Now, we can already see almost to the center of the earth, at least, 4 m closer to the center…

The pipe needs to be securely mounted so that it can’t move around too much.

Next, we have to deepen the well by a process called plunsching. Bit by bit removing the sand from the inside, and lifting it up with the device, which is basically a steel pipe with a valve at the bottom.

It worked well with coarse sand, but with finer sand, I needed to tighten up the seal and modified it a bit to close tightly. Otherwise the fine sand tends to run out.

Also needed to make a special tool to reach to the screw at the bottom. All a bit inconvenient, but it works.

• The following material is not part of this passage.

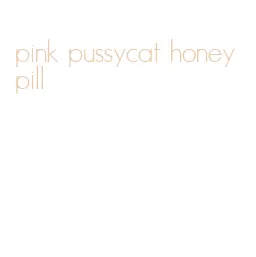 pink pussycat honey pill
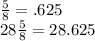 \frac{5}{8}=.625\\28\frac{5}{8}=28.625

Also critical is the loading of the pipe, first, I added about 150 kg, later about 240 kg. Easily managed by some old concrete pavers that are about 10 kg each.

The plunscher, I attached it with 3 chain links to the rope, this held it better in place and it could be handled easily.

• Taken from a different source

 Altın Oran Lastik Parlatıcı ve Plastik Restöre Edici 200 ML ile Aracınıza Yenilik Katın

With up to 350 kg, (the load an my own body weight from time to time), we are well in the save area of the weakest link, the filter pipe.

According to the manufacturer, 2 meters of the filter pipe used should be good enough for nearly 4000 L/h, I may take 2000~2500 L/h, so there is a good safety margin

It is critical to stay below about 0.03 m/s water inlet speed, otherwise there may be effects detrimental to the lifetime of the well.

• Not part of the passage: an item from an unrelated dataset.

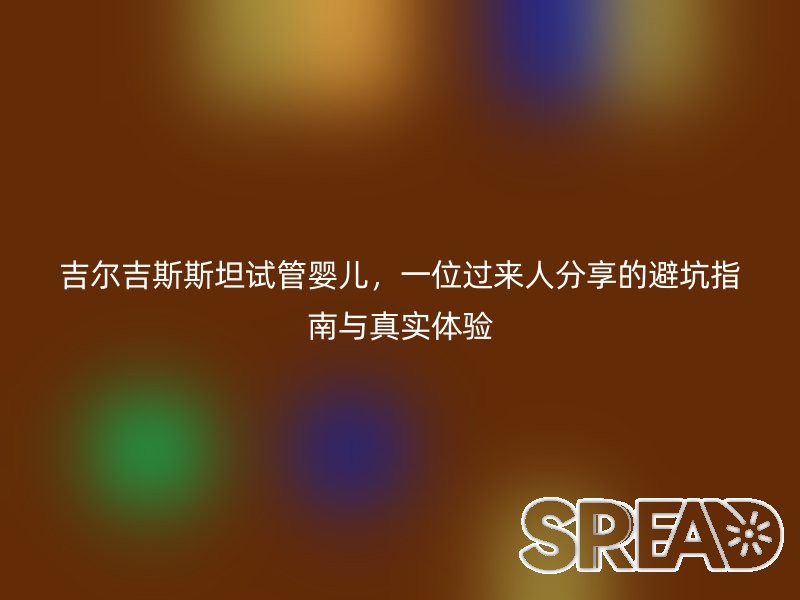 吉尔吉斯斯坦试管婴儿，一位过来人分享的避坑指南与真实体验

The cuts in the filter pipe are pretty precise, hard to do this at home.

After about 6.5 meters, things got really difficult, with fine sand, which was also pretty much solidified. I used various tools including water hoses and a mud sucker (a pipe with a PU hose inserted, pointing upwards inside the pipe). The mud sucker uses compressed air (I just supplied the full amount my compressor can generate) and at the top a mixture of sand and water will come up. It is a little mess, but convenient to operate. Also I added plenty of water to the well to keep the level as high as possible, otherwise further sand may be sucked in.

Finally, I reached a layer of clay, and with the help of large quantities of water and air, I managed to dig some 20 cm into it, but it seems really solid and pliable clay.

This scheme shows the well as sunk. it is about half-filled with water, and the suction point is located between the two filters, in an area of no inlets. Ideally, the inlet should be above the filter pipe, but I wanted to allow at least 2 m of water column above the inlet, and with the pump outside the well, the turbulences and local load on the filter pipe will be minimal.

The inlet is just a section of pipe, with many holes drilled into it.

The distribution system and piping as mostly done with 32 mm cold-water PE 100 pipe, connected to legacy 3/4″ piping of my workshop and garden, and some newer pipe (16×2 Pipetec composite pipe).

After only just a few minutes with an old pump to remove dirty water, already the water became nice and clear. Maybe because of the thorough work with the sand pump, there was not much dirt to remove. Also I decided against closing the bottom of the pipe, which now seems to be very solidly embedded in clay anyway.

The water is pouring out plentifully, it is pleasure to the eye and a delight forever!

Everything else could be done easily, just mounting a few pipes and machining a lid from 30 mm PVC plate.

Finally, protected it with some concrete plate and stones while providing easy access for removing water from the pipework in winter, basically, just opening the check valve at the top.